Exercise data
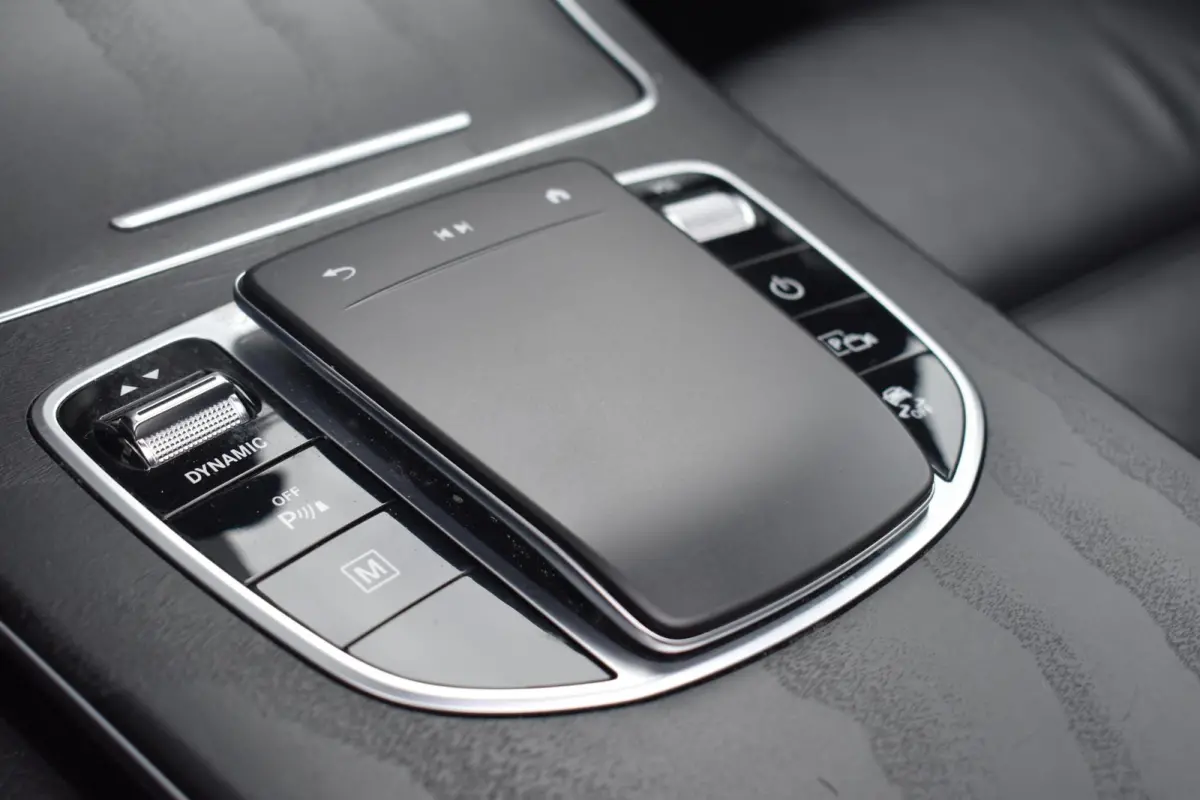 300de 4MATIC AMG Pano HUD 360C Massage Trekhaak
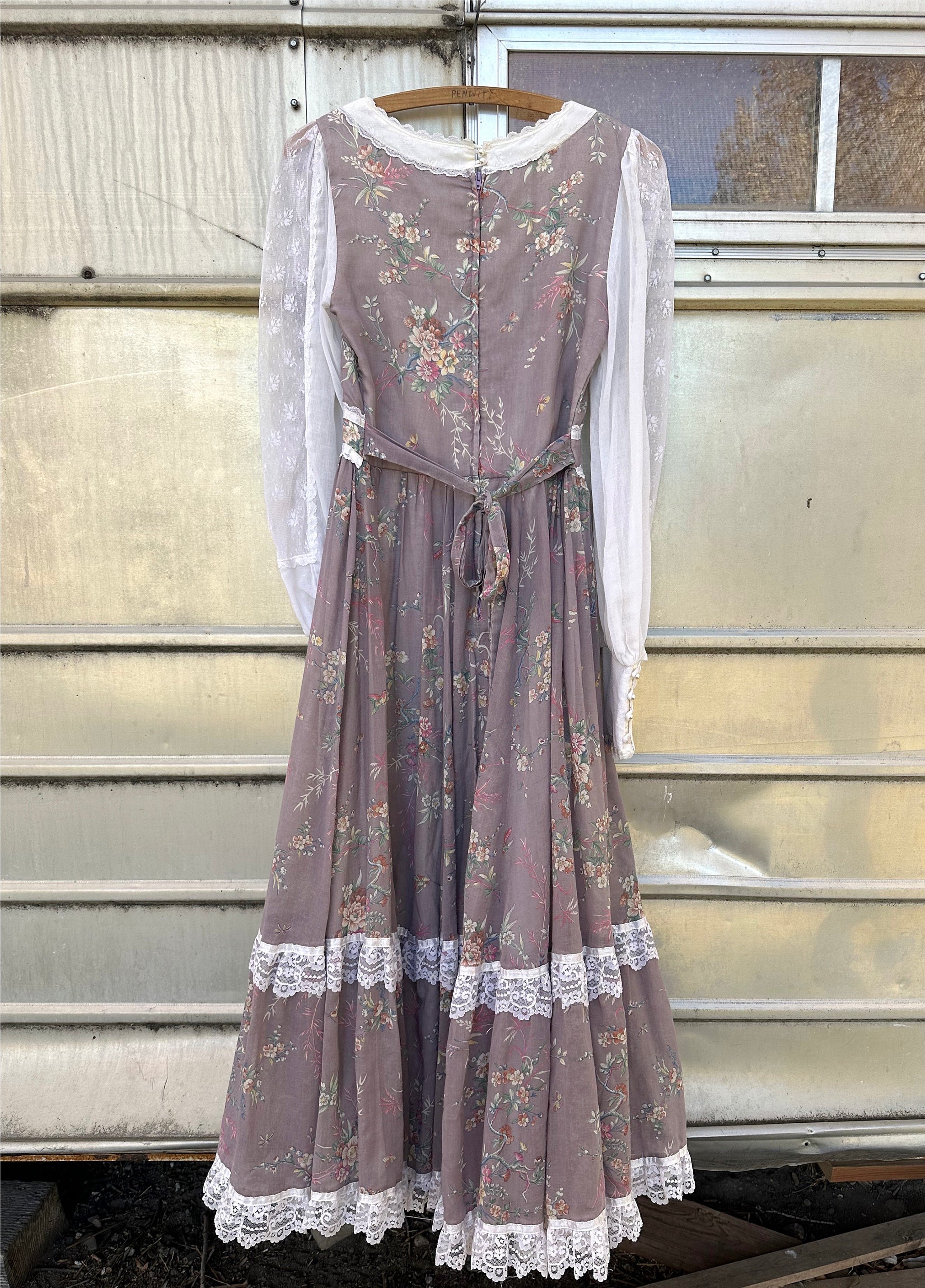 sachin and babi light blue dress Gunne Sax Remake V Neck Prairie Dress (2 Colors) Mid Calf Length / 3XL / Mint Green I Retro Fairy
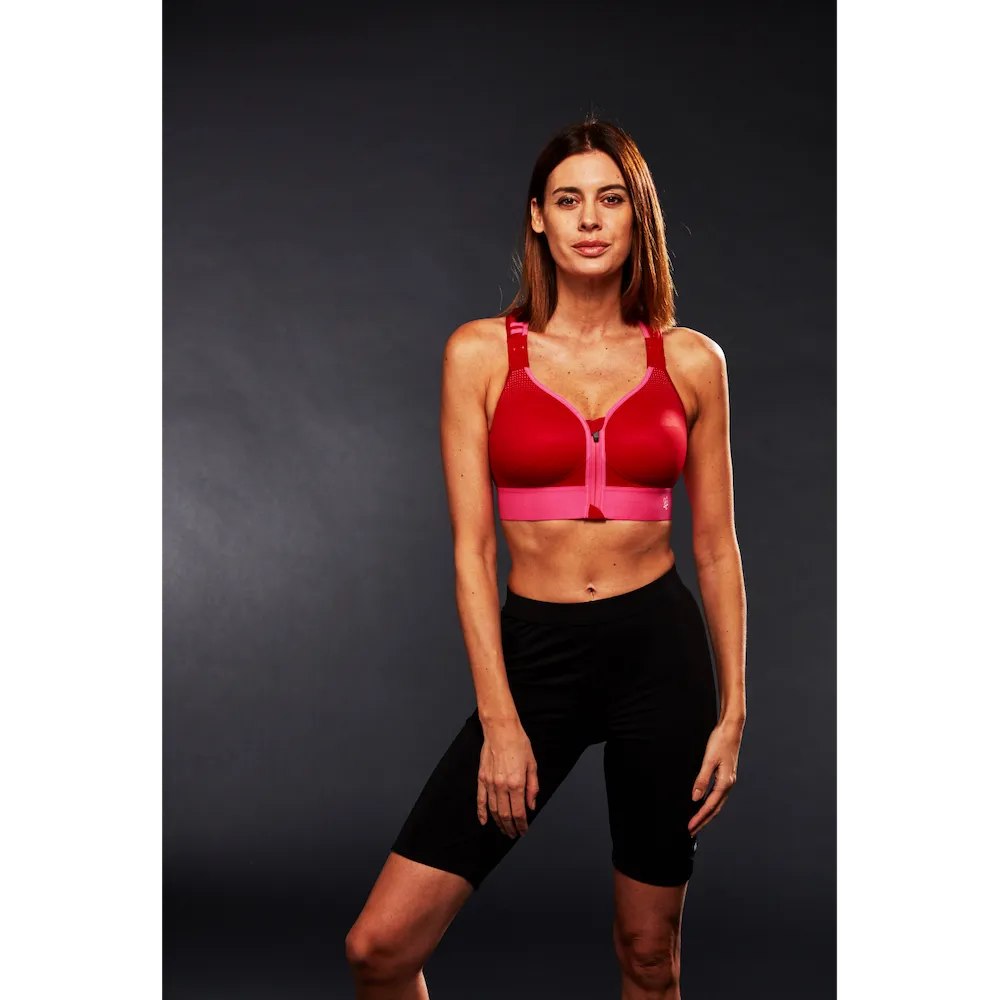 Femme portant la brassière Eaz'ip EVO Thuasne Sport rouge vue de face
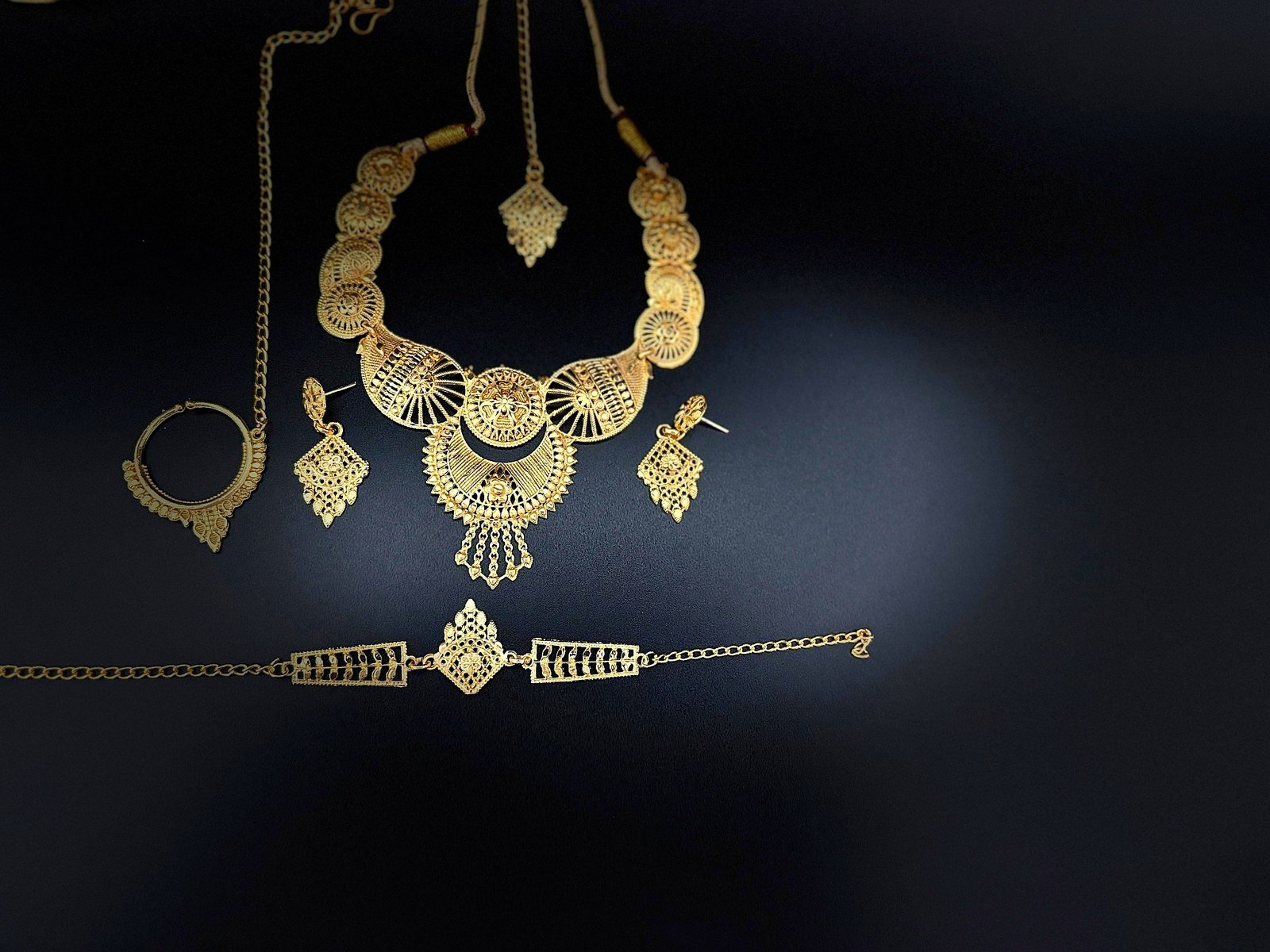 Full Bridal Jewelry Set Antique Golden Finish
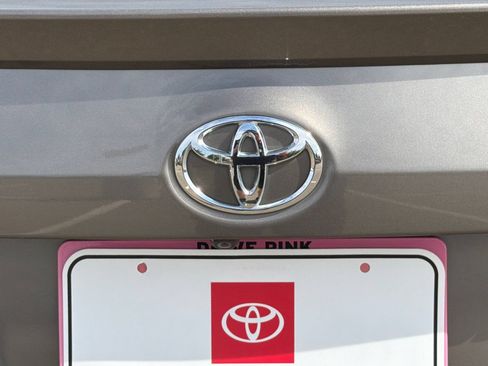 Used 2018 Toyota Corolla SE w/ SE Premium Package FWD image 49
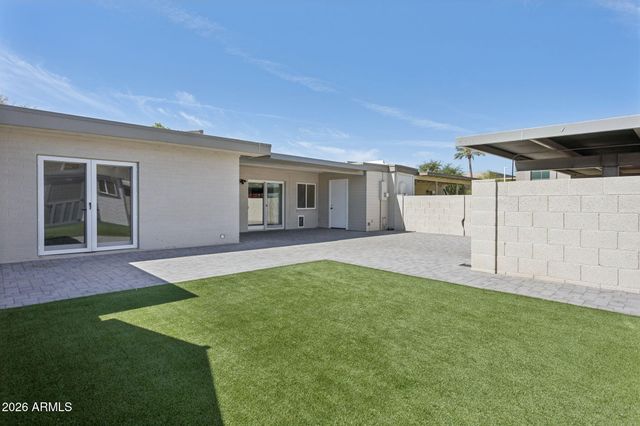 8208 E KEIM Drive, Scottsdale, AZ 85250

What you are asked to do
Set down all of the entries exactly as they appear, but keep the images out.

Task output
 300de 4MATIC AMG Pano HUD 360C Massage Trekhaak
 sachin and babi light blue dress Gunne Sax Remake V Neck Prairie Dress (2 Colors) Mid Calf Length / 3XL / Mint Green I Retro Fairy
 Femme portant la brassière Eaz'ip EVO Thuasne Sport rouge vue de face
 Full Bridal Jewelry Set Antique Golden Finish
 Used 2018 Toyota Corolla SE w/ SE Premium Package FWD image 49
 8208 E KEIM Drive, Scottsdale, AZ 85250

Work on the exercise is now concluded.